The Company files numerous consolidated and separate income tax returns in the U.S. federal jurisdiction and various state and foreign jurisdictions. The statute of limitations for the Company’s U.S. federal income tax returns has expired for years prior to 2011 and for 2016. With few exceptions, the Company is no longer subject to other income tax examinations for years before 2016. In the normal course of business, the Company is subject to audits by worldwide taxing authorities regarding various tax liabilities.
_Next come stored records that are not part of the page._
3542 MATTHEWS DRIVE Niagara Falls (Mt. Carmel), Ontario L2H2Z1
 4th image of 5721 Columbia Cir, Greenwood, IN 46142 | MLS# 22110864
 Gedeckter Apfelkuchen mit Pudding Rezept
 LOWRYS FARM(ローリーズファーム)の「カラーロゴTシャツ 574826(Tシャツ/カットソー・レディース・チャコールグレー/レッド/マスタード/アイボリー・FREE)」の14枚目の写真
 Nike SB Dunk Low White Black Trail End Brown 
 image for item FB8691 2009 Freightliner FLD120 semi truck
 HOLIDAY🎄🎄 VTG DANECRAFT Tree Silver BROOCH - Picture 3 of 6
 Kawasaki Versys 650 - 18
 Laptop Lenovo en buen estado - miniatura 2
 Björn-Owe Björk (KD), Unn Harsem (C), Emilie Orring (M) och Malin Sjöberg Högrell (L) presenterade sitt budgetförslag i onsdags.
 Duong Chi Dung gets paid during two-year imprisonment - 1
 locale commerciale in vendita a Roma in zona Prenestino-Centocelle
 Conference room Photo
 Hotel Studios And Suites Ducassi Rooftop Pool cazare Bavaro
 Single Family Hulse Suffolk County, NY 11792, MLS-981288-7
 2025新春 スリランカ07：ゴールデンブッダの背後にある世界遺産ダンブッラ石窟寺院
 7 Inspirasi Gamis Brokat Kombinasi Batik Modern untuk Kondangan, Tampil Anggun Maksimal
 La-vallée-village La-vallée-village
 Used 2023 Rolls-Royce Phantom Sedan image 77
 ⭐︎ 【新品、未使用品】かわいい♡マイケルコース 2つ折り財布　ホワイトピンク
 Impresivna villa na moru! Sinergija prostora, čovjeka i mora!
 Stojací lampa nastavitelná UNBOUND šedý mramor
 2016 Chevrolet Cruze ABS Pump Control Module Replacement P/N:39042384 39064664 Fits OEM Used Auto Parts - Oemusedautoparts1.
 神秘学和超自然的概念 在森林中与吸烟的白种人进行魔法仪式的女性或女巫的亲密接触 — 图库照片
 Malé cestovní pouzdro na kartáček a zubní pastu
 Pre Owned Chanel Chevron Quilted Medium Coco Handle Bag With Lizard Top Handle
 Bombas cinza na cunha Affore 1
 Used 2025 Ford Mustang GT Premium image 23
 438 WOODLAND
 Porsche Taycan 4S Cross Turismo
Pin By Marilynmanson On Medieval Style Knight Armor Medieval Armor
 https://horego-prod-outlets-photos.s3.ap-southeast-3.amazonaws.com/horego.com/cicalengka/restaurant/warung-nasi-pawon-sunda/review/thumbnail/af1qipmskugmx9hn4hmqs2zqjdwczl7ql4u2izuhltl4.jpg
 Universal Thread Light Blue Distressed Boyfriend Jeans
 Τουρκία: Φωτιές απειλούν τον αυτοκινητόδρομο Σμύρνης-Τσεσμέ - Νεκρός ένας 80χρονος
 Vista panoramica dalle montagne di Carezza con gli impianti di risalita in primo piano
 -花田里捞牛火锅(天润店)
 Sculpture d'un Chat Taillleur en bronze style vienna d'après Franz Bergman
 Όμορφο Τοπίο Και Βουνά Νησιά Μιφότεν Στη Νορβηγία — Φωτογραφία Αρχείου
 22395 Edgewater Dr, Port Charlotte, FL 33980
The Company’s U.S. federal income tax returns for 2017 to 2020, as well as certain state and non-U.S. income tax returns for various years, are under examination.
Other
In April 2025, the Company paid $31 million of tax for the one-time toll charge incurred in 2017 related to the Tax Credits and Jobs Act, due to the IRS having not yet processed the amended 2017 return, which the Company filed during the year ended December 31, 2022. This resulted in an increase to the Company’s noncurrent income tax receivable.
In June 2025, the Company filed its amended 2019 U.S. federal income tax return to carry back capital losses generated in 2020. This resulted in an increase in income tax expense of $3 million and an aggregate increase in noncurrent income taxes receivable of $10 million, and an increase in deferred tax liabilities of approximately $13 million.
In May 2024, the Company received a Statutory Notice of Deficiency (“Notice”) from the IRS for the tax years 2011 to 2015. The Company agreed to certain adjustments raised by the IRS in the Notice. Accordingly, the Company has concluded that various income tax positions taken by the Company have been effectively settled, with the exception of the matter the Company intends to dispute as further described hereafter.
On July 19, 2024, the Company filed a petition in the U.S. Tax Court disputing the proposed assessment of $80 million in additional taxes plus $34 million in penalties plus the additional interest calculated upon final settlement related to the transfer pricing of services performed by certain of the Company’s foreign affiliates for the tax years 2011 to 2015. The Company believes that adequate amounts have been reserved for any adjustments that may ultimately result. If the IRS prevails in the assessment of additional tax, interest and penalties in excess of the Company’s current reserves, such outcome could have a material adverse effect on the Company’s financial position and results.